FIG. 5 depicts the architecture of ALFA that exploits the rich semantic information of the underlying schemas represented as ontologies combined with model confidence for smart sample selection, label propagation, and blocking in accordance with one or more embodiments. Collectively, the sample selection, label propagation, and blocking ensure effective use of the labeling budget (and computer resources) by learning a high-quality schema alignment model in fewer AL iterations, according to one or more embodiments. Each active learning iteration is the process of proceeding through an active learning pipeline for training a model (e.g., classifier). Using a given two ontologies, there can be many iterations to train the machine learning model 234 to align the given two ontologies. One or more embodiments are configured to train the machine learning model 234 to accurately classify node/concept pairs as matching or non-matching for the two ontologies, thereby aligning the two ontologies. In one or more embodiments, the software code 150 can combine the two ontologies based on the node pairs classified as matching by the machine learning model 234, resulting in a large ontology that can be utilized by a natural language processor (NLP) to receive inquiries and answer questions.

ALFA consumes an ontology pair (e.g., as depicted in FIGS. 4 and 5) to be matched and generates the Cartesian Product of all possible schema element (concept) pairs as the pool of unlabeled examples, which can be quite extensive for large ontologies. A semantic blocking algorithm (as depicted in FIG. 5) prunes the obvious non-matches to reduce the search space for sample selection and class imbalance. A small seed set, typically 0.1%-0.3% of the post-blocking pairs, is manually labeled (with the assistance of automatic labeling heuristics or labeling functions if necessary) and fed to a learner to train an initial GNN-based schema alignment model. The actual sizes of the seed label sets may be between 5 and 40 across all the experimental datasets.

This bootstrapping operation is utilized because one or more embodiments use a supervised GNN model that is to be initialized before applying AL. In each AL iteration, an ontology aware sample selector (e.g., ontology aware sample selection software 254) combines the rich semantic information from the input schemas with the model output to choose a batch of ambiguous samples for human labeling. The batch size is set based on the number (#) of labels the human oracle prefers to label (e.g., a predefined number) per AL iteration and the maximum (#) of iterations possible with a pre-constrained labeling budget. To further reduce the human labeling effort and reduce the utilization of computer resources, ontology aware label propagation (e.g., ontology aware propagator software 256) has been designed, which identifies node/concept pairs that are semantically similar to the node/concept pairs labeled by the human and infers the labels for such node/concept pairs. The node/concept pairs labeled by the human and the node/concept pairs whose labels are inferred through label propagation are together included as additional training data into the existing training set. The model (e.g., machine learning model 234) is re-trained on the cumulative set of labeled node/concept pairs at the end of each AL iteration.

3 ALFA System Design

In this section, one or more embodiments describe the main building blocks of ALFA. The core components include the ontology aware sample selection (e.g., ontology aware sample selection software 254), followed by the optimizations such as the ontology aware label propagation (e.g., ontology aware propagator software 256) and ontology aware semantic blocking (e.g., ontology aware semantic blocking software 252).

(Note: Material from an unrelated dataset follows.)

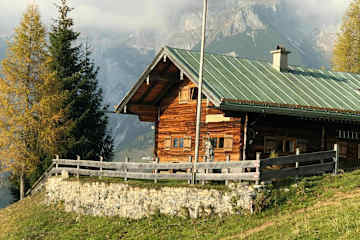Die Freilassinger Hütte im Sommer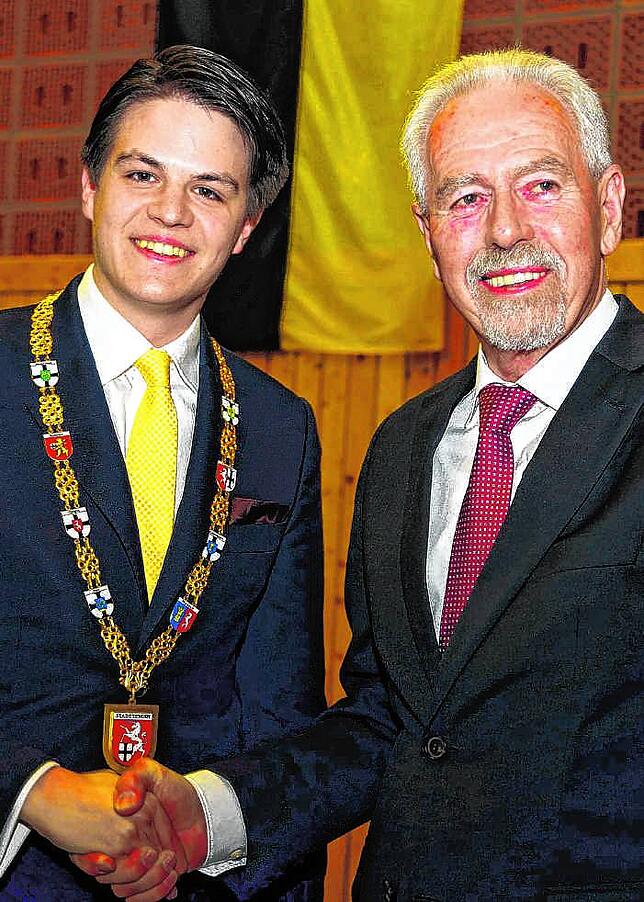 Ein Bild aus alten Zeiten: Marian Schreier im Februar 2016 in Tengen mit seinem Vorgänger Helmut Groß.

3.1 Ontology Aware Sample Selection

The ontology aware sample selection algorithm chooses ambiguous samples, which are pairs of schema elements that are likely to be misclassified, (i.e., a matching node pair being mis-predicted as a non-matching node pair, or a non-matching node pair being mis-predicted as a matching node pair) and passes them for human labeling. According to one or more embodiments, the likely mis-predictions are detected based on the labeling disagreement between the trained model (e.g., machine learning model 234) and an ontology clustering algorithm (e.g., clustering algorithm 262) that clusters the schema elements (ontology concept nodes) in the unified ontology graph.

The unified ontology graph combines both of the input ontologies into a single graph. It is noted that both the model (e.g., machine learning model 234) and the clustering algorithm (e.g., clustering algorithm 262) are iteratively updated, thereby resulting in the detection of an updated set of ambiguous samples in each AL iteration. The sample selector does not explicitly control the class skew or the ratio of matching and non-matching pairs in each AL iteration. The class imbalance issue is resolved by the semantic blocking optimization (details are in Section 3.3), which is applied before AL commences. However, it was empirically observed that the ambiguous samples included concept pairs from both the classes (i.e., matching and non-matching) over several AL iterations.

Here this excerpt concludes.